In 2017 he appeared in the revenge thriller Wronged and the psychological thriller/horror Mr. Thursday.

In 2019 he founded the National Independent Film Association also known as the NIFA Awards. That same year, he awarded Sean Connery and country legend Neal McCoy NIFA Lifetime Achievement Awards This film awards show takes place yearly in October.

He had a supporting role in The Runners (2020) featuring Tom Sizemore and Neal McCoy.

In addition to his screen work, Davies plays a recurring character on the Mental Ideas radio show on Radio Television Hong Kong (RTHK). The program was nominated for an Association of International Broadcasters (AIB) Award in 2020. The AIB Award Show was televised by Al Jazeera TV.

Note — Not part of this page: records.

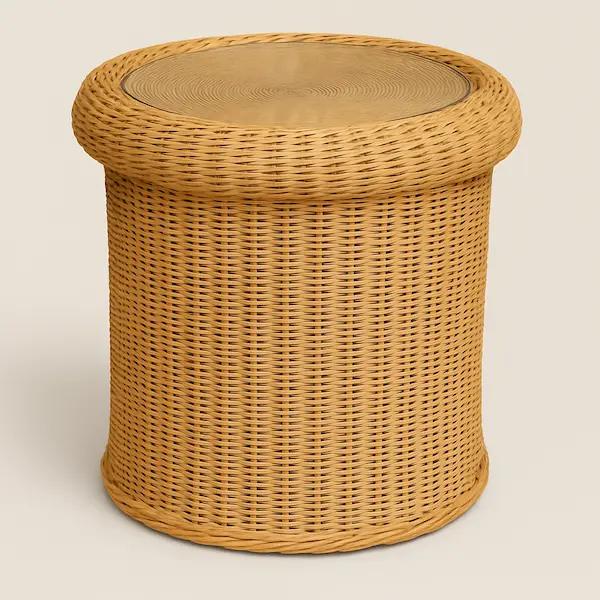 The Newport Wicker Side Table in handwoven natural wicker with a round silhouette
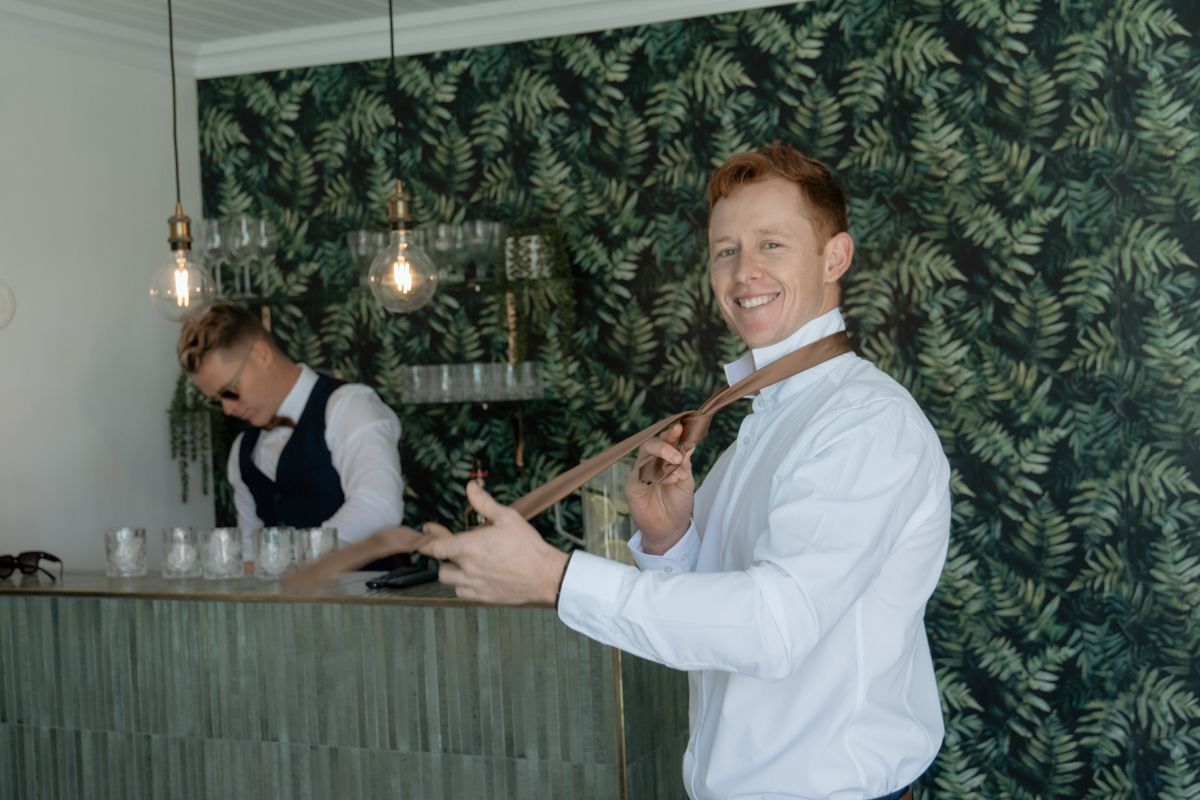 Smiling redhead bartender in white shirt adjusts tie while colleague works at a stylish bar with tropical wallpaper.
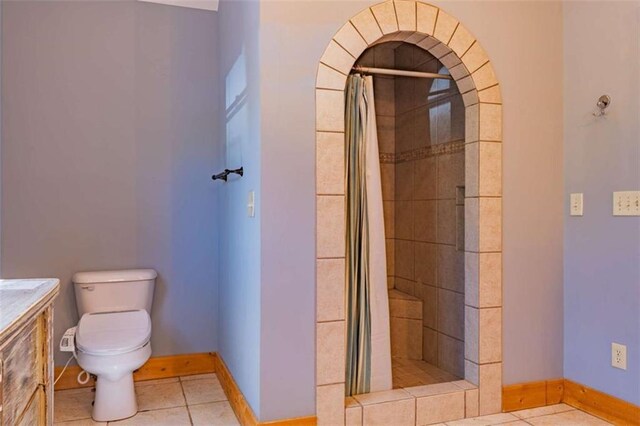342 Zenith Trl, Ellijay, GA 30540 - bathroom with toilet, tile patterned floors, baseboards, and a tile shower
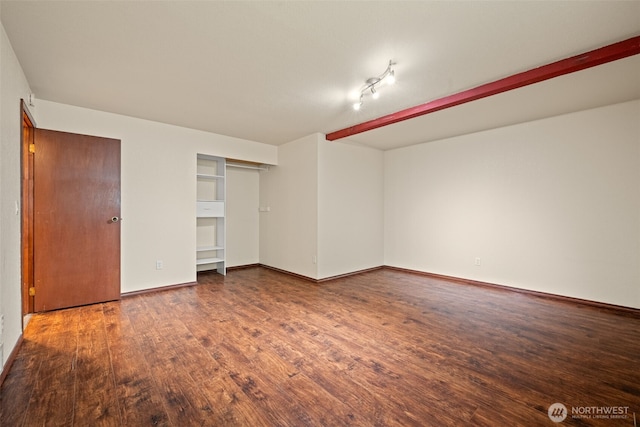 unfurnished bedroom with wood finished floors, baseboards, and a closet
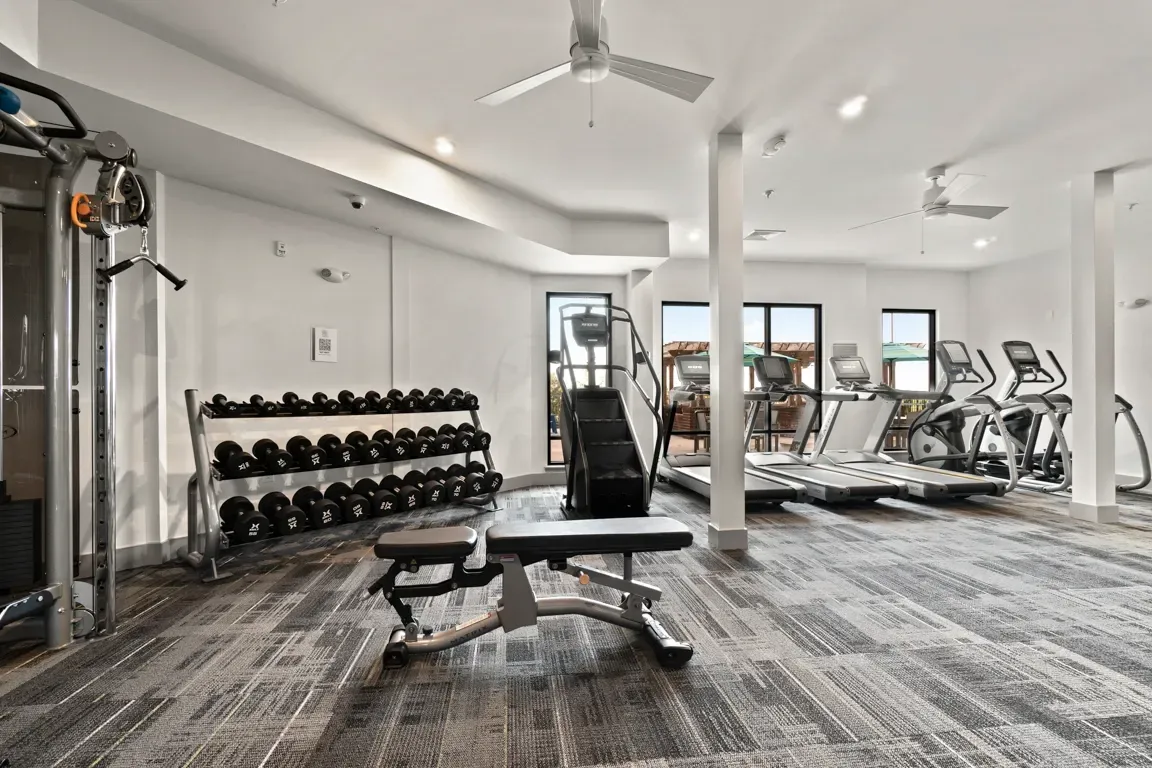 Gym with treadmills, stair climber, weight rack with dumbbells, and a weight bench.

In March of 2021 Davies wrote and published a comedic semi-autobiographical book about his career entitled, The Rantings of a Madman on Facebook: The Inspiration, Perspiration & Inebriation of a Lovable Loser. Also in 2021, Davies appeared in I Dream of a Psychopomp. It premiered at the Music Box Theatre (Chicago) and later secured international distribution

Davies created and launched his own book publishing company called Renegade Press in the Spring of 2022. This boutique publisher specializes in publishing 3-5 books a year.

In 2023 his film (Screenwriter/Producer/Actor) "Ed Gein, the Musical" received national distribution via SRS Cinema and the film went on a limited screening 13th Anniversary Cinema Tour. Davies then adapted the film into a theatrical play. It had its world premiere April 3-5, 2025.

In 2025 Davies co-produced a reimagined reboot of the 1975 cult classic film The Giant Spider Invasion. He also plays a starring role in it. Theatrical release is scheduled for 2026.